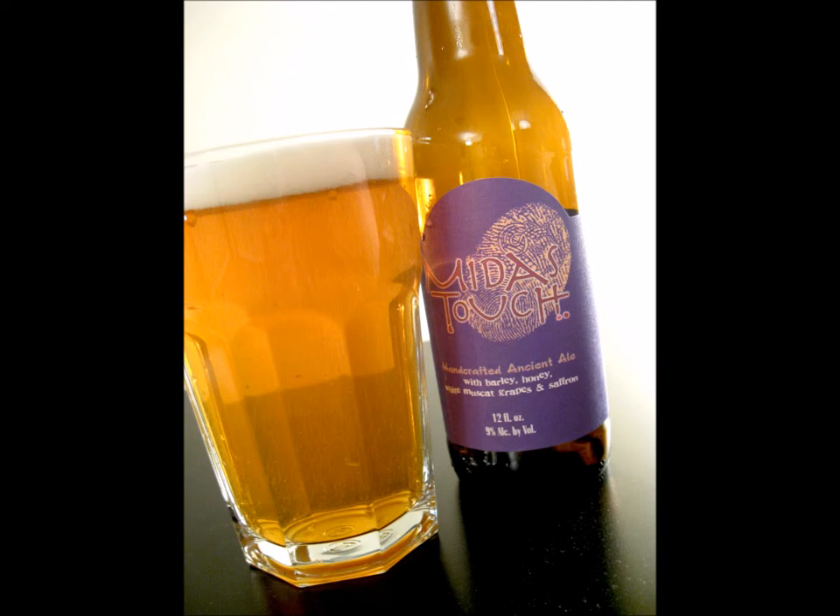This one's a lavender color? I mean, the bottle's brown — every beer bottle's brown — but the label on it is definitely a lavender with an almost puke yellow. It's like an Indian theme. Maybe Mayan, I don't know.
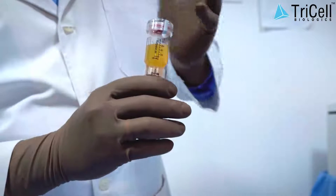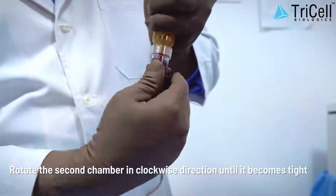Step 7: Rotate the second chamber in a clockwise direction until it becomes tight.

...

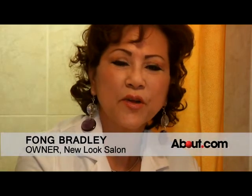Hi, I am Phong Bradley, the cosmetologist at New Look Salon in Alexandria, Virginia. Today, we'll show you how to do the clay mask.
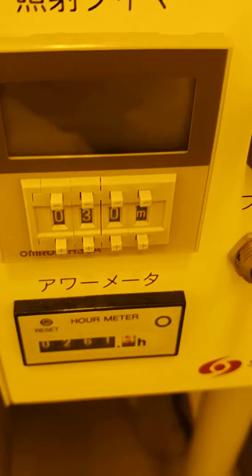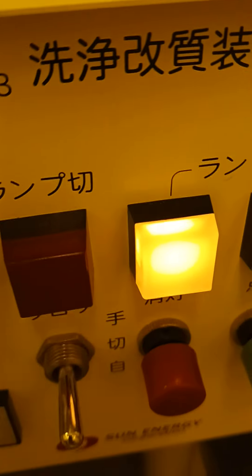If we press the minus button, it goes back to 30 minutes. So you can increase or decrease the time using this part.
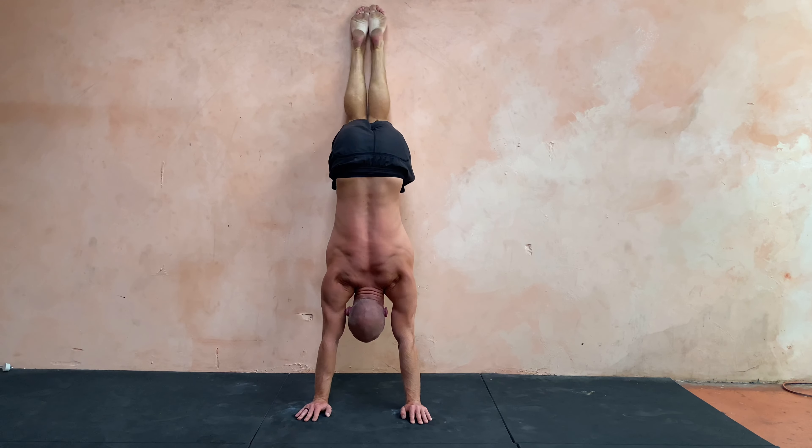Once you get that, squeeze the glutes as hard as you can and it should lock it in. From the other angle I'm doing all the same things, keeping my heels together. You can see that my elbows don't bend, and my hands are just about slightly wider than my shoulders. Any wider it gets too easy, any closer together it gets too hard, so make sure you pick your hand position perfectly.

---

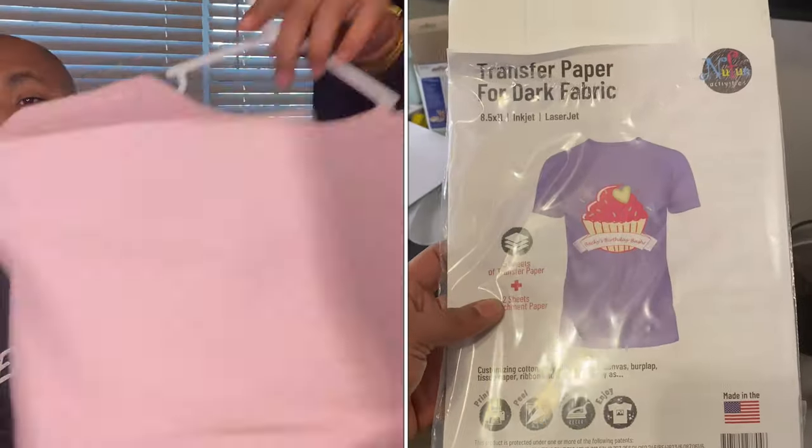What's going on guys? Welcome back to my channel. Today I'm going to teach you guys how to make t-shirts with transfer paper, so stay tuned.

* DIRECTIONS: Copy exactly the lines of the entries above from the one containing "This one's a" through the one containing "Step 7: Rotate". Both end lines count; pictures do not.

* ANSWER AREA:
This one's a lavender color? I mean, the bottle's brown — every beer bottle's brown — but the label on it is definitely a lavender with an almost puke yellow. It's like an Indian theme. Maybe Mayan, I don't know.
Step 7: Rotate the second chamber in a clockwise direction until it becomes tight.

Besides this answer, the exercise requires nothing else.